Having just earned a teaching degree from Pennsylvania’s Millersville University, Rian Reed set out in 2011 to find a position working with special-needs students. Born and raised in a suburb outside of Philadelphia, she had built an enviable academic record, earning induction into the National Honor Society in high school and speaking at her university commencement. She sought to use her leadership skills and creativity in a classroom in her own community. So Reed, a biracial woman who identifies as black, applied to work in her hometown school district.
“I thought I would serve as a role model for young female students of color, giving back to them more than what I had received,” she said. But according to Reed, the district didn’t even offer her an interview.

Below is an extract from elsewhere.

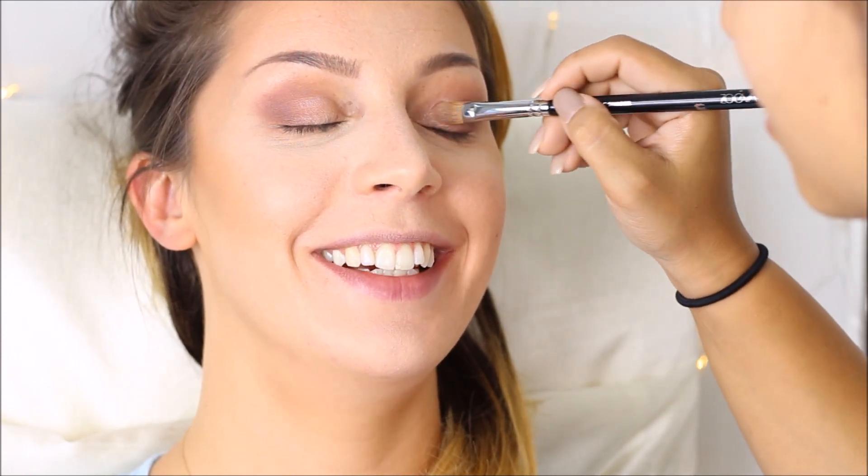Then I put eyeshadow number 6 on her lid, which is this shimmery soft pink, and it brightens up the eye look without being too harsh.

The dearth of black teachers across the country is well-researched and extensively documented. Nationally, federal data shows more than eight out of 10 (81.9 percent) teachers are white, while fewer than one in 10 (6.8 percent) are black. These statistics stand in sharp contrast to student demographics in U.S. public schools, where 47 percent of children are white and 16 percent are black. The number of black teachers would need to more than double—from just over 230,000 to roughly 542,000—if their share of the educator force were to match that of black students relative to the public-school population. A growing body of evidence suggests that black teachers benefit black schoolchildren, and that students of all races prefer teachers of color, adding urgency to efforts to resolve the disparity.